There is a legend accounting for this petrified couple. It seems that
the vicar of a neighbouring parish had business with his bishop at the
Palace of Exeter. He set out late in the afternoon, on horseback, for
the city, accompanied by the parish clerk, and, a storm coming on, they
promptly lost their way in the mist and rain; the incessant flashes of
lightning, brilliant as they were, would not have sufficed for them to
regain their road, even had their horses been less terrified. The vicar
was speedily drenched to the skin. “Damme,” says he, “there’s not a
soul at hand of whom to inquire our way in this misbegotten wilderness.
I’d take the devil himself for a guide if he were here.”

No sooner had the vicar uttered this profane sentiment, than they
heard, above the howling of the storm, the clattering sound of a
horse’s hoofs, and a prolonged flash of lightning showed them an old
gentleman, clad in sombre garments, cantering past on his mare. The
clerk hailed him, and he drew rein.

“I suspect, sir,” said he, addressing himself to the vicar, “you have
lost your way. Can I be of any service to you? If so, pray command me,
for it is ill wandering abroad on such a wild night.”

“Sir,” said the vicar, who was, indeed, no mealy-mouthed man, for all
his holy office, “we have lost our road, and are wet through,” adding,
“this is the most damnable night that ever I have had the ill fortune
to travel in.”

“You may well say that,” rejoined the old gentleman briskly, with a
complacent smile; “but allow me to put you in the right way.”

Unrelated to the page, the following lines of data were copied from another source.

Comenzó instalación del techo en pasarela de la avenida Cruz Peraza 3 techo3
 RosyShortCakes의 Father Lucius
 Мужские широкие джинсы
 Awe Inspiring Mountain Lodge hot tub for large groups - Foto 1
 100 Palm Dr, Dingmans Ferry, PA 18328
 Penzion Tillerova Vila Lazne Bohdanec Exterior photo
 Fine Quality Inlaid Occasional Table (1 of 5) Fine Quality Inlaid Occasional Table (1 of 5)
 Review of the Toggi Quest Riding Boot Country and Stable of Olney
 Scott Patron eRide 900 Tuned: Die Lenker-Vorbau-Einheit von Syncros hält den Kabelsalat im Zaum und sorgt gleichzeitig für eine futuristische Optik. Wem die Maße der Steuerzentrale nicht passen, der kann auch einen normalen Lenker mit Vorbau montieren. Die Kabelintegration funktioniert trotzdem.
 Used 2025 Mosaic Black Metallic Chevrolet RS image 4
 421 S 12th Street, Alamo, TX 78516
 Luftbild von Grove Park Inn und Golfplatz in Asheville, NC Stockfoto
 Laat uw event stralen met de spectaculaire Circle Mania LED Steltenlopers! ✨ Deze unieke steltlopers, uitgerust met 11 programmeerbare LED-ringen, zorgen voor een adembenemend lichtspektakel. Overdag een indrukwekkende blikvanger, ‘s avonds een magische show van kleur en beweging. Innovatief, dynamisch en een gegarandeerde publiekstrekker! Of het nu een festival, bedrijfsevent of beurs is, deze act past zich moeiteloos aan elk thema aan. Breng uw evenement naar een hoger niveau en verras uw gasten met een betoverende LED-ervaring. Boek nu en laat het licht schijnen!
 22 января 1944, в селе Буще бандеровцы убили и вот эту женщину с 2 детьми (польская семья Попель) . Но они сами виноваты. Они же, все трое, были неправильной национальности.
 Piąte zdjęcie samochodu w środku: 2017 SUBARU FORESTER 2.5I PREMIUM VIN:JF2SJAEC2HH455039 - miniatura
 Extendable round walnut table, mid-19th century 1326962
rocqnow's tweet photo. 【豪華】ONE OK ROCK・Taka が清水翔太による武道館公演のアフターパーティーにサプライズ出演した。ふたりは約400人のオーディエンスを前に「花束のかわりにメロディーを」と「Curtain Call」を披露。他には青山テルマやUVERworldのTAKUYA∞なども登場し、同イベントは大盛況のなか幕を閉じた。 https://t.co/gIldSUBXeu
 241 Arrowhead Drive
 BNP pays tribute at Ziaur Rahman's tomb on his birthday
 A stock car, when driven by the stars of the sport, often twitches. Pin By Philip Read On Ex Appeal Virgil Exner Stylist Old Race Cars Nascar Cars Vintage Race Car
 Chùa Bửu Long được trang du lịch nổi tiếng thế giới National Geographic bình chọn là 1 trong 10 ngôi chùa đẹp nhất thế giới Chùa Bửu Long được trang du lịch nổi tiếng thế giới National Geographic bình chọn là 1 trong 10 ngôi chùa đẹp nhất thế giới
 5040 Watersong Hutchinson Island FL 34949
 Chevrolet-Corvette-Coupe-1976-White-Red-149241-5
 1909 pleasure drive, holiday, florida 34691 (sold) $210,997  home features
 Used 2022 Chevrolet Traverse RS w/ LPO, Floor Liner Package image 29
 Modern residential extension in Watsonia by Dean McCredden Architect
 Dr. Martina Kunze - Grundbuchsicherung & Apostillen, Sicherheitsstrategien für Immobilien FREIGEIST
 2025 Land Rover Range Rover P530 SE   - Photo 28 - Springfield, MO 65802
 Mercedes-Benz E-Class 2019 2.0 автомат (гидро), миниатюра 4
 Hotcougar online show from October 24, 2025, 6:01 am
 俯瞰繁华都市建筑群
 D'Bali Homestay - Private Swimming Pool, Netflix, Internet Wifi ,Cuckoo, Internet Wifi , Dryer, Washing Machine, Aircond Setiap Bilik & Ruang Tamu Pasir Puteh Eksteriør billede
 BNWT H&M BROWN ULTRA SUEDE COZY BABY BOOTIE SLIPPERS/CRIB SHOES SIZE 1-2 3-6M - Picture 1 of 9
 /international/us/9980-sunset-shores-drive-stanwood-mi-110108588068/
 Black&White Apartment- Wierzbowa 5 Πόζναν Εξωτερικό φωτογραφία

In scarcely five minutes from their encounter, the party drew rein
before a cosy inn. The vicar, the clerk, and their guide dismounted,
and sending their riding cloaks to the kitchen fire to dry, sat down to
a bowl of punch. They caroused until a late hour, while the storm raged
unceasingly without.

At length the vicar rose, saying, “Storm or no storm, he must be going,
for he had important business that demanded his presence at Exeter
early the following morning.”

“Well,” said the old gentleman, “if you are so resolved, I will
accompany you, for I make no doubt that without my company you would
soon go astray again. Fortunately my way runs with your own.”

The three set out again, and rode some distance, until they heard the
roar of the sea even above the shrieking of the gale, and felt the
flecks of sea-foam upon their cheeks.

“Man,” said the vicar, in a rage, as a more than usually vivid flash
of lightning showed them to be upon the verge of a tall cliff, “do you
know what you are doing--bringing us to these fearful rocks?”

“Yes,” replied the stranger, “this is my road,” and he laid his hand
upon the vicar’s shoulder.

“Take your hand off,” yelled the vicar, “it’s devilish hot,” as indeed
it must have been, for where the old man’s hand had been placed there
rose up a thin curl of smoke from scorched cloth.

“Hot is it?” inquired the old gentleman mildly, “perhaps I am slightly
feverish.”

[Illustration: SEA WALL, TEIGNMOUTH.]

But the vicar had perceived into what terrible company he had fallen,
and shouting to the clerk, he lashed his horse furiously. But, no
matter how hard he or the clerk plied their whips, not an inch would
the horses budge. The winds changed into demoniacal shouts; troops of
fiends, warlocks, and witches gathered round, shrieking, as the pair
sank down into the face of the cliff, and a horrid peal of mocking
laughter was the last thing they heard on earth.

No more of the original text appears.